Consider the AEE’s history of problematic contracts. Between 2008 and 2012, the utility signed 68 contracts to buy renewable energy from private developers. Only 11 of those projects were built. That’s because the utility signed on for far more renewable power than it could use from companies that didn’t all have the expertise or track record to get the job done, said Jose Maeso, who was the executive director of the Puerto Rico State Office of Energy Policy from 2013 to 2016 and is now the director of a Department of Energy-funded research consortium. “It wasn’t a bidding process,” he told me. “There wasn’t a qualification of technical expertise of developers. None of that.”

Then there’s the Aguirre Offshore GasPort, a natural gas infrastructure project on the island’s southern coast that was supposed to be completed in 2014. A 2016 independent regulatory review found that Puerto Rico’s utility had multiple contracts with three major vendors and none was professionally executed. AEE “failed to provide many of its contracts, and in some significant cases could provide little evidence that a formal bid or contracting process had been executed,” the review stated.

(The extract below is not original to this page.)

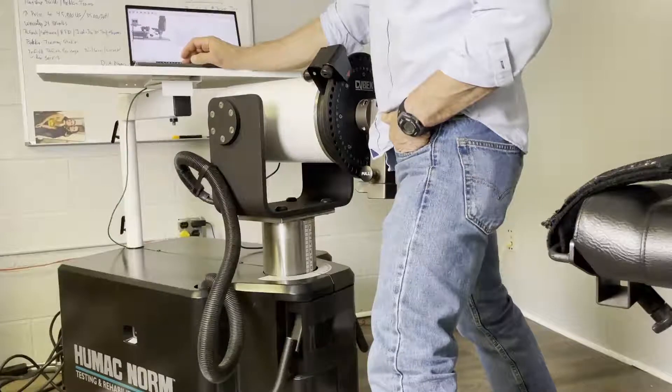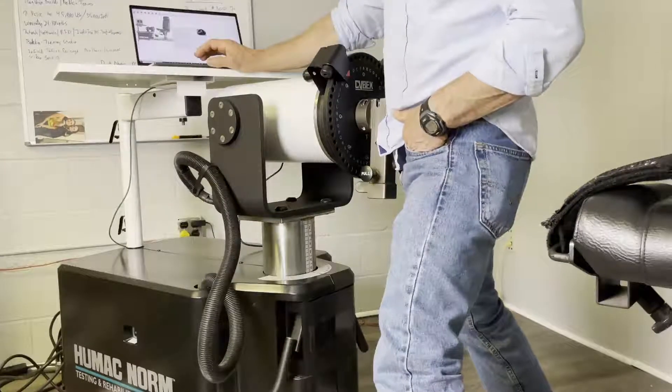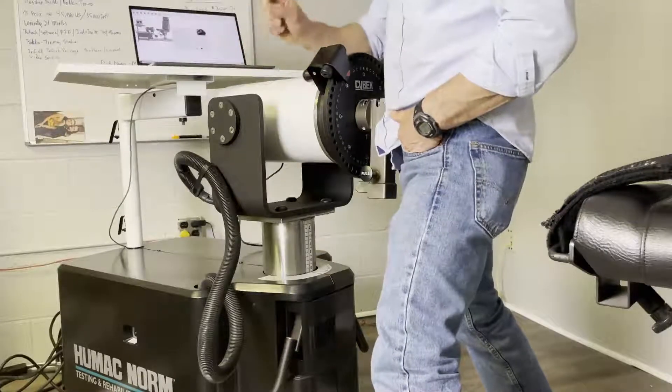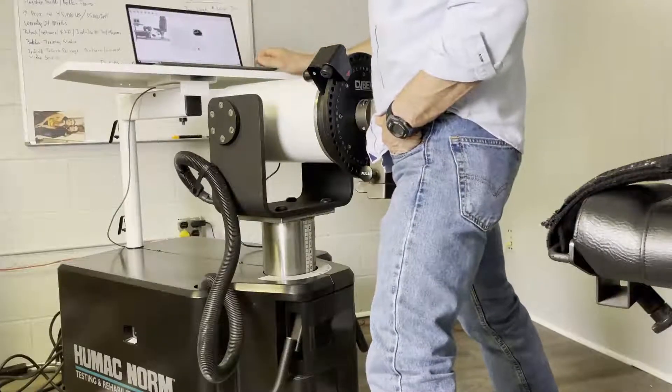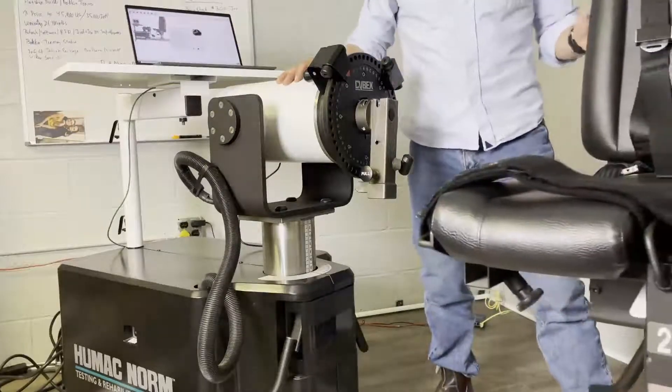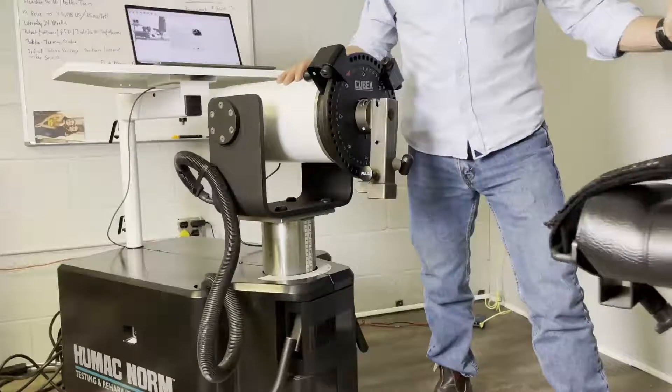Then you want to click calibrate torque. What you do is read each sentence, and once all the sentences are completed, you click the checkbox. The first sentence says move the chair away from the dynamometer — so here's the chair, away from the dynamometer means away from the dynamometer.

At the same time, there are good reasons why Puerto Rico might want the speciality contractor Whitefish. For instance, the company had helicopters and other equipment necessary for repairing electric lines on remote, forested mountaintops. Another thing that made Whitefish stand out from competitors: The willingness to do work for AEE without payment guarantees. (That might have been a mistake. Whitefish recently announced that AEE owes it more than $83 million for work already completed.) And, despite Whitefish’s sparse resume — when asked by Yanira Hernandez Cabiya of Caribbean Business about similar work it had done, the CEO cited a $500,000 distribution-line replacement in Washington state, a project of much smaller scale than what it took on in Puerto Rico — Maeso told me in October that “the work on the transmission lines has gone as fast as possible, in my opinion.”